Javascript That Works - Throwing Errors & Failing?

Jun 14, 2021

Hi all, 

I have a course I've published to SCORM on our LMS. 

There are various scripts that run in the course, from printing to generating a date to social sharing to a custom data collection tool that we had developed for this express purpose. 

It's a big course, and everything works properly when exporting separate scenes as SCORM packages. 

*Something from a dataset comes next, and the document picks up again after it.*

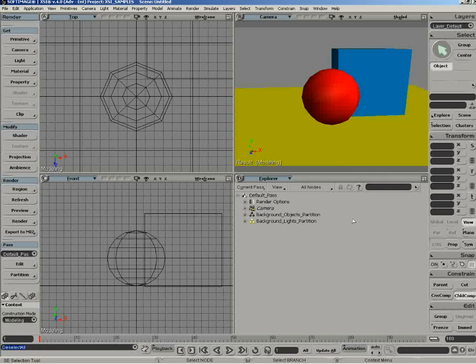We're going to be looking at passes now and basically how they can be used, what they're used for, and how they've been implemented in XSI.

However, the second we publish the full course with all scenes in a single package, it starts throwing errors whenever any script runs, specifically:

actionator::exeJavaScript - this.execUserJs is not a function

In short, all custom JS works when published in on scene & fails in this exact way when published all together, whether it's more complicated or very simple. 

Any thoughts?

4 Replies
Brian Dennis

My guess is the javascript scoping and dependencies are mixed up, with multiple instances of global variables. You are welcome to PM if you can provide the published .zip file so I can take a crack at the embedded javascript. For the record, "actionator" isn't a standard javascript object, so you are using some element of custom javascript already

Math Notermans

As Brian states...its probably scope related. All triggers in Storyline have their own scope. Being all variables and functions in it only work on that particular slide. So if you call function A from another slide without taking care of that...by either creating global variables to pass values or by adding the functions to a more global spot from where they are overall reachable...well then your scripts will fail and a message like above will be shown.

Using the console ( CTRL+SHIFT+I or F12 ) when testing you can figure out what function is out of scope and fix it. If all functions and scripts are out of scope... you best copy all out of your triggers, create some general script thats on the index page...and in the triggers only call the function.

Gladly help... but do need the Story for that.. i guess its not just a single function out of scope but a lot.

Trevor LaForce

Brian and Math - thanks for your insight!

So I tracked down the cause with the help of a develop we worked with & Articulate support. 

It turns out that if any custom JavaScript in the project has an error, all custom JavaScript will break. There was an instance of one script (in a minor part of the course I hadn't published independently to test) that contained an error, so everything broke. 

Lesson learned - everything has to work properly for anything to work properly. 

Math Notermans

Javascript errors tend to mess up projects easily. Debug and test continuously. A single typo can mess up everything...   A javascript error not perse needs to make your complete course not working... depends somewhat on the type of error. If a variable mismatches and its not used in critical processes the course may run normally with only returning null or undefined for that variable. If in your code returning null or undefined is managed properly eg. an if statement or case switch that makes sure the code wont stop and sets the variable to a default... then  your projects flow will be uninterrupted.